Printed Statements and the Statement Balance
As well as your electronic downloads, your bank will supply you with either a traditional Printed Statement or an electronic PDF in non-alterable form. Both of these documents are in an auditable form and are referred to as “Printed Statement” in the discussion below.
So if you wanted to keep records from 1/7/2008 onwards, and had complete records form this date, you would enter:
- Statement date as 30/6/2008
- Statement balance as the closing balance at 30/6/2008, on your Printed Statement.
- Enter all transactions from 1/7/2008 onwards.
Note 1: Entering the 1/7/2008 as your statement date implies a balance at the end of the 1st day of July, not at the end of the previous day.
Every transaction after the Statement Date must appear in the Transaction Register. The Closing Balance calculated by Budgets GetReal is the sum of the Statement Balance and all subsequent transactions. The Closing Balance will only differ from your Printed Statement if you have incorrectly imported transactions i.e. (you have missing or duplicate transactions).
The Statement option in the Transaction Register allows you to reconcile all transactions. (These should be a complete match after the Statement Date – but could be incomplete on or before the Statement Date.)
In Summary:
- You can rely on balances after the Statement Date.
- You cannot rely on balances on or before the Statement Date.
- If you have imported the transactions correctly AFTER the Statement Date, you DO NOT HAVE TO SET a Statement Balance each time you import. (The balance on your Printed Statement should be the same as on your closing balance or current balance in Budgets GetReal.)
- However, if you have imported or entered transactions BEFORE the Statement Date, you HAVE TO RESET a Statement Balance.
How to Set a Balance.
You can set Balances in several ways:
From the main list of Accounts: Click on the Account name & select Set Balances
From the main side menu bar: Set & Maintain > Accounts > Select the Account and then open the Balances tab.

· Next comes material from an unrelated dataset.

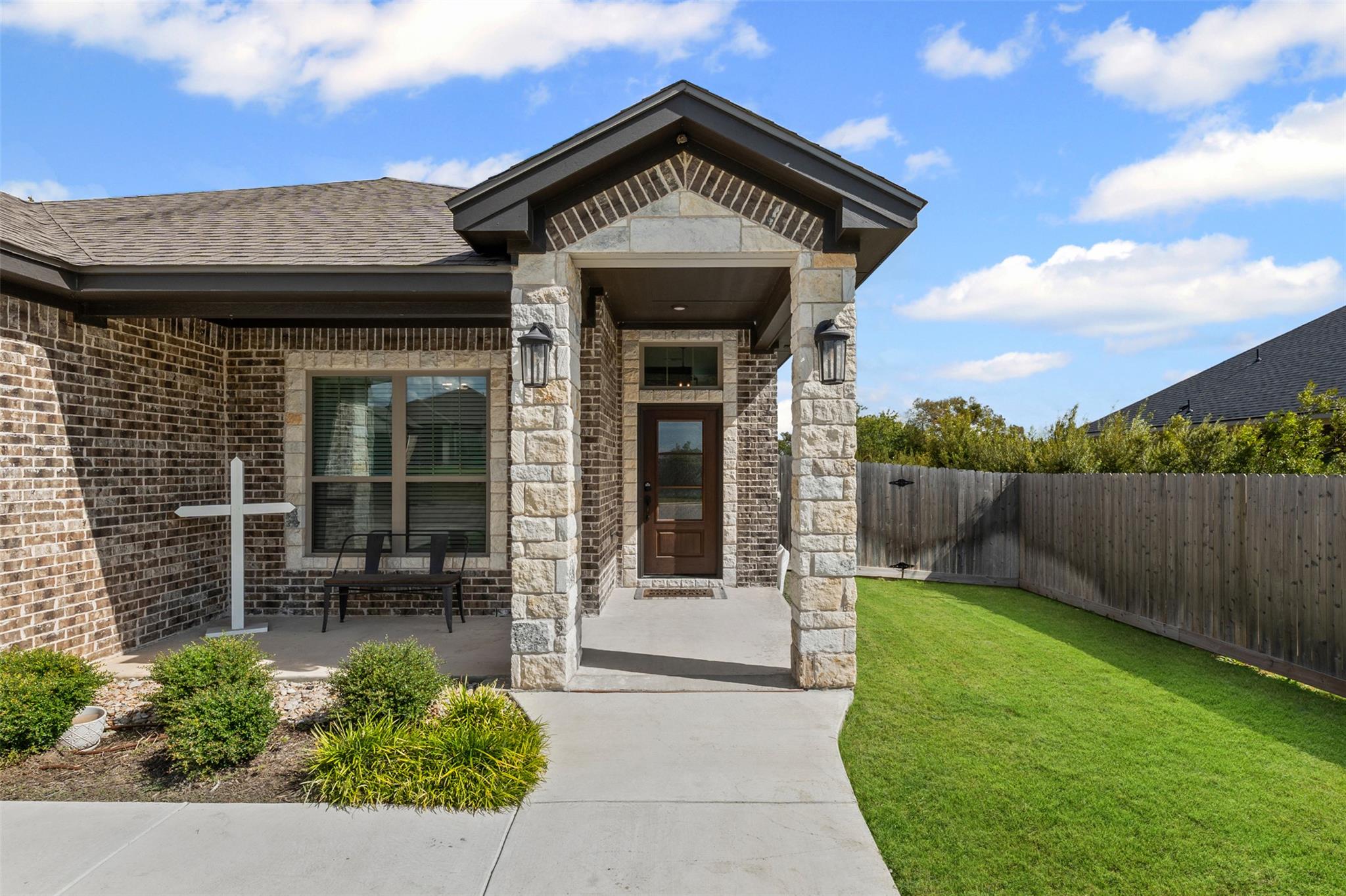 707 Eagle Pass Dr, Salado, TX 76571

The following example is one where you have already imported transactions and set a balance. You have clicked on the “Enter New Statement Details” button to permit altering statement dates and balances.

For this example you will see
The first transaction is the 1/9/2008. The Statement Date is 19/2/2009 and the Statement Balance is $4,735.82
Balance calculated at Statement Date is an ongoing calculation taken your last setting of the balance to the Statement Date. If there are transactions before the statement date, (as in this case from the 1/9/2008), the Statement value and the Calculated Balance would NOT be the same, unless the balance had been reset. In this case the Statement Value and the Balance calculated are the same, indicating that the balance was successfully reset.

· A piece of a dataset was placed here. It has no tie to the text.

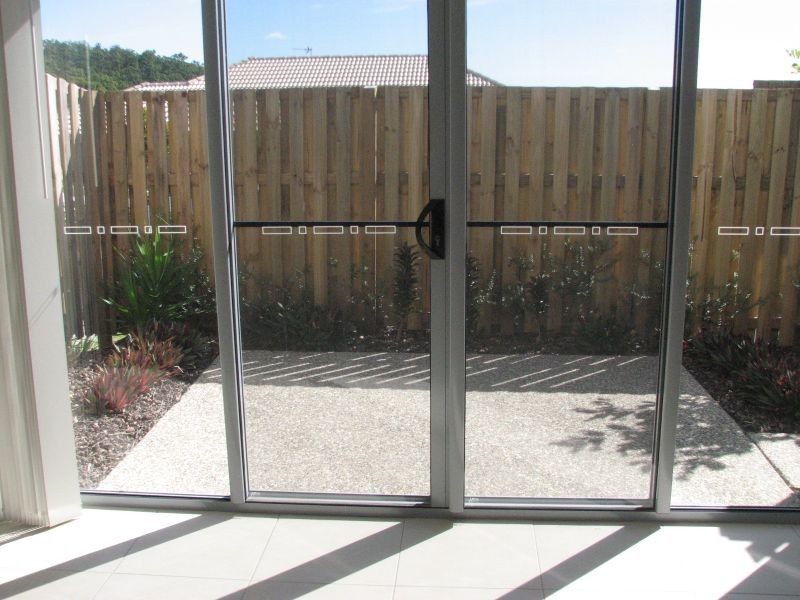 2/1 Jardine Street, Pacific Pines QLD 4211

If the transactions from the 20/2/2009 to 15/5/2009 have been all correctly entered, the Current Balance of $3,017.94 should agree with the closing balance for that date on your Printed Statement.
Setting the correct sign for your balance
If setting for a credit card, your balance is the amount you owe on the card. This would usually be entered as a negative amount e.g. -1000 if you have spent $1,000. (It is not the amount which you can still spend, before you reach the limit of your card, an amount the credit card provider calls the “available balance”.) The same rules apply on mortgage accounts or other loans; it is always the amount you still owe!
For an asset (savings, investment, cheque and direct debit) account, the balance should be a positive number. This is money you own!
Importing prior to Statement Date
As a final reminder, once you have set a Statement Date and Statement Balance, importing or manually entering any transaction on or before this date, will change the Statement Balance, and the balance of every day after the Statement Date.
You have to reset the Statement Balance, in this situation to keep your balances accurate!